→ Web page caption snippets
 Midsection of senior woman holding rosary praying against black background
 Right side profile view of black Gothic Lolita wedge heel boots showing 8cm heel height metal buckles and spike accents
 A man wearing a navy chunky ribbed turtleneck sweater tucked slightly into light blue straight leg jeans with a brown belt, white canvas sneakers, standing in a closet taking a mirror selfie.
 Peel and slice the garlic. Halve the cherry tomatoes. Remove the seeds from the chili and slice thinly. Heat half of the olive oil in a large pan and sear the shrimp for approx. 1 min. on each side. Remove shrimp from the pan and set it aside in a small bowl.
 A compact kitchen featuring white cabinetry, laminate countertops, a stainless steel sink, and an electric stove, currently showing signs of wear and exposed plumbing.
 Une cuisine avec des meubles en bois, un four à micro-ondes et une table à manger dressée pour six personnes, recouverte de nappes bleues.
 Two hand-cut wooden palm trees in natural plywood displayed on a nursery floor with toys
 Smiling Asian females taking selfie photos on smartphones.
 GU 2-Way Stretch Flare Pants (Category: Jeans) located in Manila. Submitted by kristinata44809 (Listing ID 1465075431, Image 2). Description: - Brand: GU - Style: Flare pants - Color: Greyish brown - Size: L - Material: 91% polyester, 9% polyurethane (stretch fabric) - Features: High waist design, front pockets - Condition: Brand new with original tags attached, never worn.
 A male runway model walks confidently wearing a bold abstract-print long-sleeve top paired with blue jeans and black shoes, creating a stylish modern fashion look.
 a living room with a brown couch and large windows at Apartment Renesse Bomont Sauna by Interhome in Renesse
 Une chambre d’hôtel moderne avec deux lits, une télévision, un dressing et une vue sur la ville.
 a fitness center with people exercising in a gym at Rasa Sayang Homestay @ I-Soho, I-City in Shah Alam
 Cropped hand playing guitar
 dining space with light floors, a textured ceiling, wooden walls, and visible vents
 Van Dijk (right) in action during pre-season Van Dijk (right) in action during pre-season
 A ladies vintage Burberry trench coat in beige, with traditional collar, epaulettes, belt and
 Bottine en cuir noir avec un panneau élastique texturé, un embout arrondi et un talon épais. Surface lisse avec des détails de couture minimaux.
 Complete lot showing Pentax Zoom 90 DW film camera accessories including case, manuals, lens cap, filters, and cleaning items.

→ Task brief
The answer must be exactly the lines from the one containing "Bottine en cuir" through the final line of the data, both ends included, and nothing else.

→ Response
 Bottine en cuir noir avec un panneau élastique texturé, un embout arrondi et un talon épais. Surface lisse avec des détails de couture minimaux.
 Complete lot showing Pentax Zoom 90 DW film camera accessories including case, manuals, lens cap, filters, and cleaning items.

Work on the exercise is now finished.